COLLECTED MATERIAL START
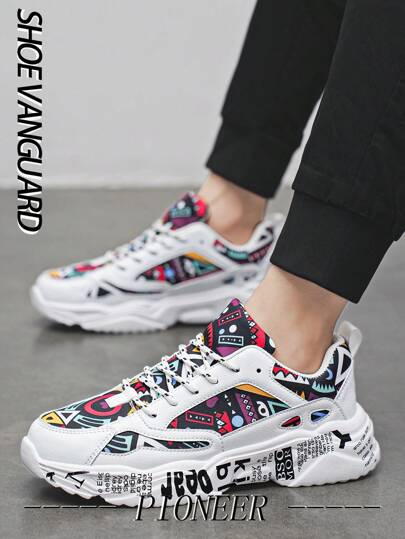 حذاء رياضي كاجوال يومي مريح وأنيق للرجال مع رسائل بالأحرف اللاتينية، رفع الارتفاع بطبعة الغرافيتي عشوائية اللون بتصميم قطع ملونة، مناسب للزوجين
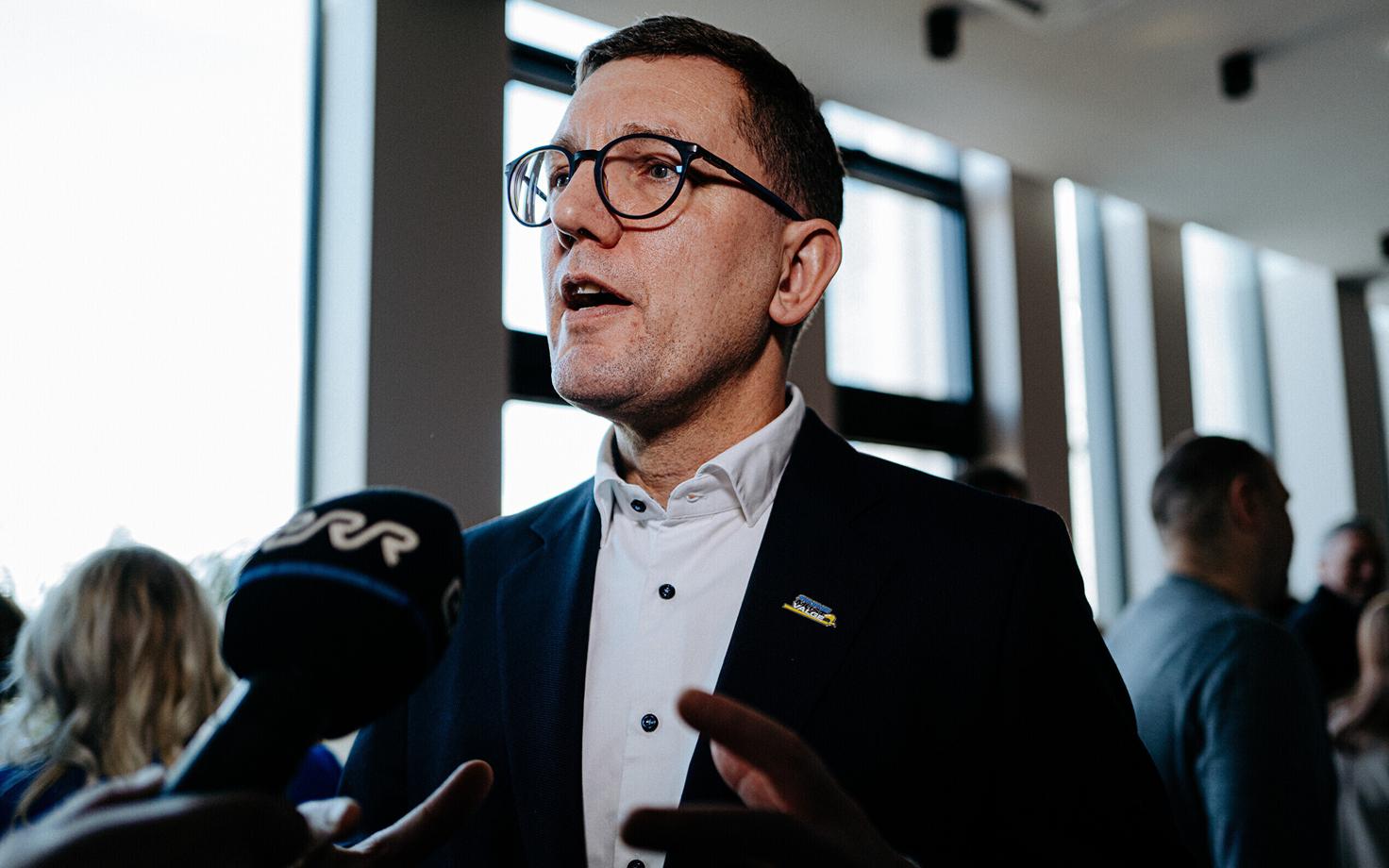 Кристен Михал.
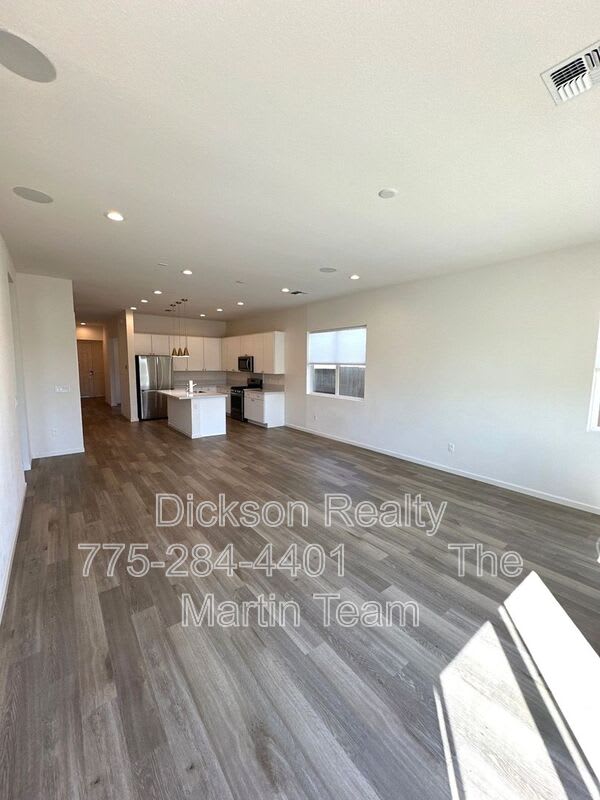 7860 Hoback Dr – photo 4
COLLECTED MATERIAL END
* **REQUIRED ACTION**: Each line above has to be returned exactly. Drop the pictures.

* **OUTPUT**:
 حذاء رياضي كاجوال يومي مريح وأنيق للرجال مع رسائل بالأحرف اللاتينية، رفع الارتفاع بطبعة الغرافيتي عشوائية اللون بتصميم قطع ملونة، مناسب للزوجين
 Кристен Михал.
 7860 Hoback Dr – photo 4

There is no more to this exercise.